John O'Brien's libretto must share the blame. He has been way too cautious in filleting the original play: his expository first act lacks rigour and the two Belmont sequences, Shakespeare's oases of calm and good order, ramble on and on.
Lyricism is only an occasional visitor
Thankfully, Warner's production does a commendable job of reclaiming the drama. Amid fluid, semi-abstract safety-deposit-box designs by Ashley Martin-Davis he injects creative ideas wherever the over-obvious Tchaikowsky fails to provide them. They don't all work, and some are misjudged (as when Portia freely hands Antonio over to Shylock's knife before she's thought of a way to save him), but the best of his production is thoughtful and reflects the composer's sympathetic view of Shylock, not least in the viciousness of his courtroom abasement.
The American baritone Lester Lynch is vocally magnetic in this difficult role, and his engagement in the taunting scene (heralded by a thrilling passage of orchestration) is the work of a skilled actor.
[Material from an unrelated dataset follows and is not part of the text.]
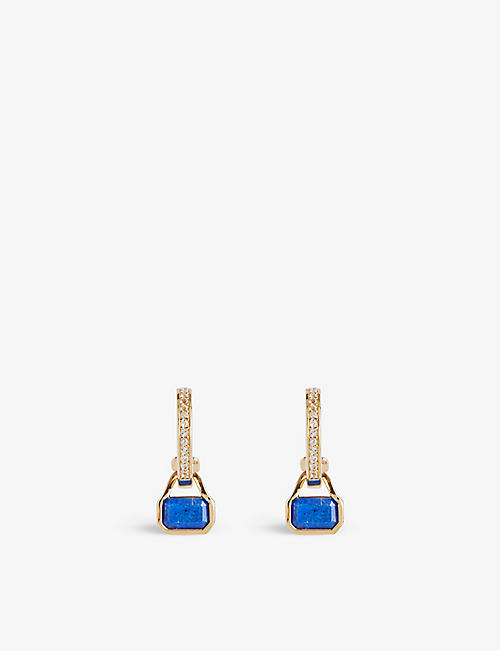 V BY LAURA VANN: September 18ct yellow gold-plated recycled sterling-silver lapis and white topaz earrings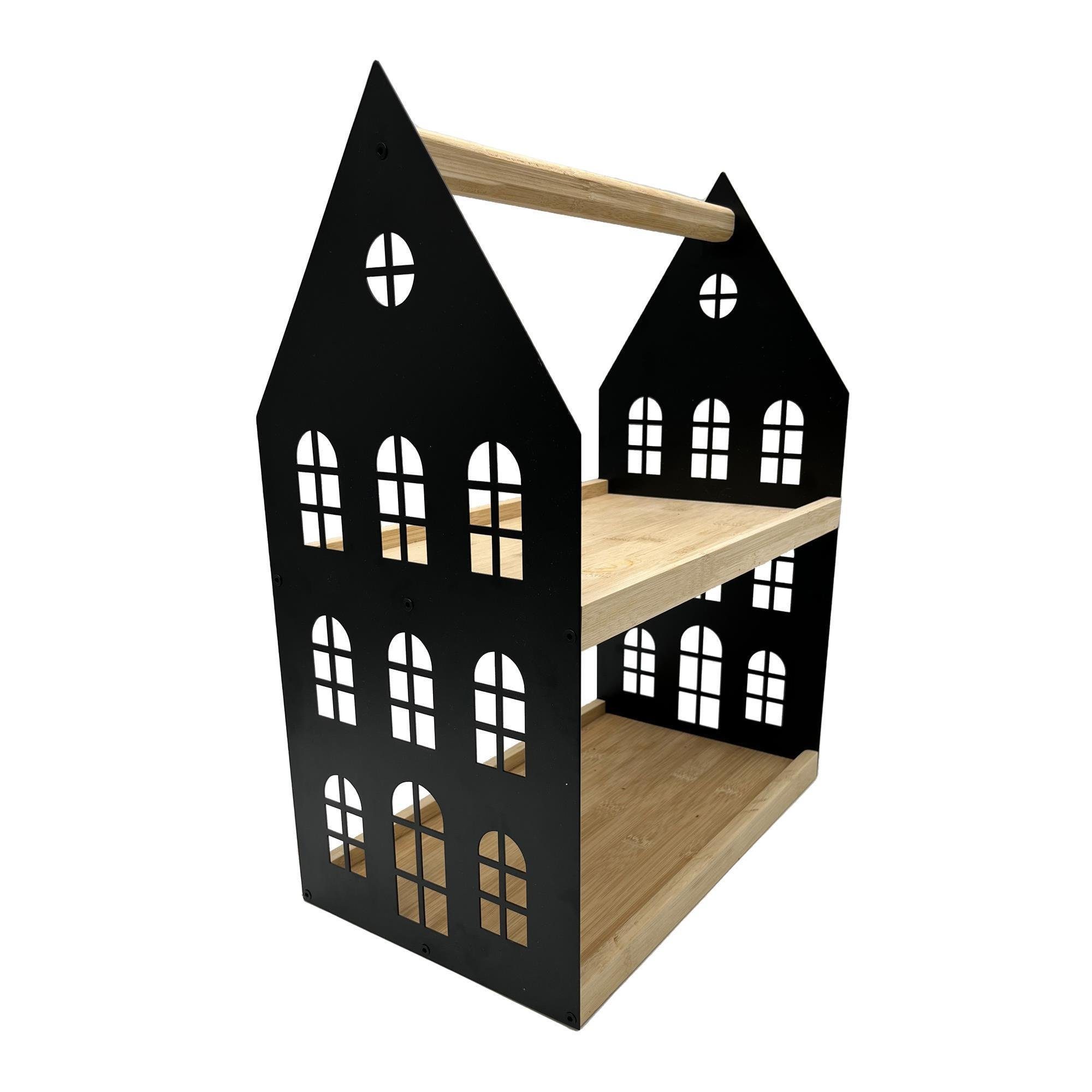 UNUS HOME Etagere Etagere Haus Design, Bambus, (schwarz aus Metall und Holz), Serviertablett Servierständer Serviergestell Servierplatte Holzetagere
He is efficiently partnered by Mark Le Brocq as Bassanio, David Stout as Gratiano and Bruce Sledge as Lorenzo; but alas for the hapless Antonio, Tchaikowsky seems to have underestimated the craft of writing for the countertenor voice and Martin Wölfel was swamped by Lionel Friend's WNO Orchestra (which, at the Hippodrome, plays at eye level rather than from a pit).
Sarah Castle is a decisive and vocally characterful Portia (although not even she can rescue the exasperating epilogue from tedium), as are Verena Gunz and Lauren Michelle as Nerissa and Jessica.
The Merchant of Venice is an opera whose composer seems more in love with the subject matter than the voices who deliver it. Lyricism is only an occasional visitor (although his setting of Portia's "The quality of mercy" speech is moving) and melody, on the few occasions when it surfaces, is uninspired. The orchestration, though, is confident, colourful and often dramatic. If Tchaikowsky had survived long enough to refine his trade, who knows what he might have achieved.
The Merchant of Venice tours to Oxford, Southampton, Birmingham and Llandudno until 22 November. It will play at the Royal Opera House, Covent Garden, on 19 and 20 July 2017.